During this spring break, I’ve taken advantage of the overwhelming number of teachers in my boyfriend’s family. Literally, they’re all teachers. His dad? Former principal and current 5th grade teacher. Mom? Third grade teacher. Brother and sister-in-law? Third and Sixth grade teachers. In my numerous discussions with these fellow educators, one of the topics that was brought up what the technology that they use in classrooms. (Granted, it is important to keep in mind that they are all elementary education teachers, so their uses of any technology in a classroom can be vastly diverse from my own as a high school educator. However, I feel any advice from any kind of teacher can always be used as helpful.) In my discussions with his brother and sister-in-law, I found some encouragement and some information that was slightly discouraging. We’ll start with the bad. When discussing what technology my various courses are having me implement into my own future and potential classrooms, I found that both Jackie and Jarod agreed in their ideas of the uses: their school doesn’t enable much technological freedom. Both of them teach at a public school in my area. The school is not financially struggling and has not been marked as an academically struggling school by state standards, but it is also not a very wealthy area. This school cannot afford to purchase laptops for the students, let alone pricey Macbooks and all of the interesting technology that comes along with them. After learning so much about using iMovie and Garageband’s Podcasting in classrooms with students, it’s a big letdown to hear that many teachers aren’t even given a chance to use these advances. I’ve put a great amount of time into researching and applying this technology, so I really hope schools begin to find ways to enable teachers to incorporate these tools in their classrooms. .

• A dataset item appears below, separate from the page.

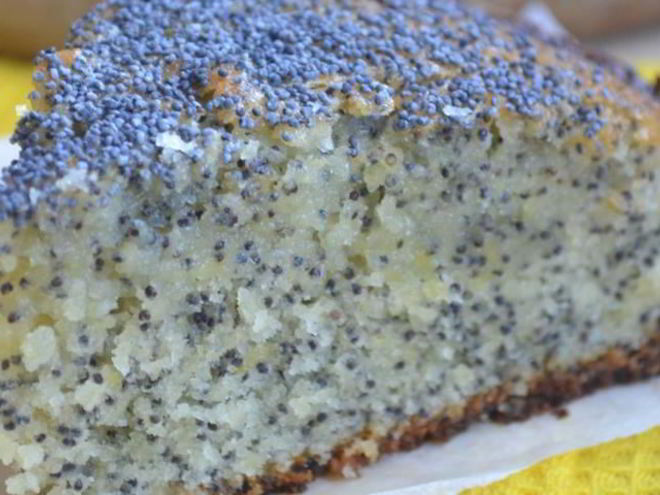 Рецепт лимонного кекса с маком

On a more positive note, one new addition that I did find that these two educators were excited about and very proud to use is the SMART Board. Essentially, the SMART Board is an interactive, electronic chalkboard that can be used to advance learning in any grade level. From my various research and what little information I’ve learned from other current teachers, it makes lessons more interesting for students and teachers, making personal interaction and hands-on learning more practical. Honestly, my personal exposure to the technology is very limited. While in grade school and high school at my small private schools, I never even heard of the technology. I truthfully didn’t see the technology until last year while completing my student observation. My host teacher was one of the first three in the school district to receive the technology, but I unfortunately was only there for its physical installation and didn’t get to see it in action. I became discouraged in my early research because the youtube videos I watched and the recent articles I read, truly only applied SMART Boards in elementary classrooms, or math and science classes.
I did, however, find two videos that provide the basics and “SMART Boards for Dummies” explanations of the technology:
As I dug a little further though, I found a little more information as to how Secondary Education English teachers can actually apply this technology in our own classrooms. The SMART Boards Interactive technology website obviously provides the most accurate and descriptive information as to how to use and apply the technology. The website enables educators who use SMART Boards to access training resources, see already created lesson plans for almost any grade level and area of study, visit schools in their areas to see the technology in use firsthand, and keep in touch with others in their field who are utilizing the technology.
I was really excited when I specifically came upon the section lists dozens of provided lesson plan ideas, even those specifically for teachers in the English field. These lesson plan ideas encouraged English teachers to use the technology to help students visualize and practice proper editing techniques, go over review sheets, or make fun review games. I learned that this technology can be used in conjunction with Word, Paint, and other computer programs, giving students the opportunity to see grammar techniques and changes applied firsthand and in a more interactive manner. By using SMART Board like a PowerPoint tool, teachers can provide students with basic information, while adding personal notes as classroom discussion progresses. One of the most personally appealing lessons I stumbled upon was the one focused on improving students’ public speaking abilities. This was always (and sometimes still is) a tough area for me in high school, but my teachers never really provided any focused instruction on the topic. By utilizing the provided SMART Board lessons and technology for this particular area, students can become more comfortable as writers and speakers, encouraging pride and confidence in their work.
Again, I’ll reinstate that my personal knowledge of this technology is very limited and all of my information is going off of websites and youtube videos. Using that as a disclaimer, I’m personally becoming very interested in SMART Boards and really hope I can soon provide you guys with an updated blog containing more information about this technology. I would love to use any opportunities I can to make my lessons more interesting and fun for my future students, so I can promise you guys I’m going to keep looking in to this. Any information, personal experiences, corrections on my information is totally welcome!!